Examples of beta products!: Any tech. that is less then 5 to 10 years old most of the time is beta! Examples: win 95 was a beta! win 2000 is also a beta! second or 3rd edition of win2k will not be beta. The java language is still in beta, and will be until, jdk 1.5 to 2.0 ( about 2-5 more years ) Java's apis are not fully compatibla with themselves, thus they are beta! Since you test them not sun!
C++ was beta until 1998 ansi/iso. Thus it was beta since 1980! 18 years of beta C++! ! !
Other examples: XML is still in beta, the main reason is that no browser fully supports xml, thus xml is not fully tested, since browsers do not fully support xml !
COM+/DCOM is still in beta, because it is still changing, and is not backward compatiable with itself. C sharp is in alpha!
C programming language was invented in 1971 and became ansi/iso in 1983! 12 full years! of beta and imcompatiblity with different compilers! The point is java and ejb and xml and com, and linux, etc... are all beta! Anyone telling you otherwise is lying! They are beta because they are not fully developed yet, and have many years to go before their evolution is close to completed. Also they are full of bugs! and the corps use users to test bugs unknowingly and use you as beta testers!
We are using EJBs we are very happy with it. However, we are not implementing entity beans mostly because the actual data is in legacy databases on a mainframe. (We are using WebLogic). Apparently, none of you guys have experience with TP monitors, which is what EJB really replaces. TP monitors were hell to implement. They were completely proprietary. Develop on one TP monitor and you were stuck with it. They were complex to code and deploy.
Have you looked at the J2EE connector architecture? Just out of curiousity, if so what did you think?

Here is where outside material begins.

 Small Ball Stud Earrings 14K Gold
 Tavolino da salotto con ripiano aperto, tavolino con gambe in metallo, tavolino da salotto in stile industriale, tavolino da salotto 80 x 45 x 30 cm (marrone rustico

Originally posted by Thomas Paul: We are using EJBs we are very happy with it. However, we are not implementing entity beans mostly because the actual data is in legacy databases on a mainframe. (We are using WebLogic). Apparently, none of you guys have experience with TP monitors, which is what EJB really replaces. TP monitors were hell to implement. They were completely proprietary. Develop on one TP monitor and you were stuck with it. They were complex to code and deploy.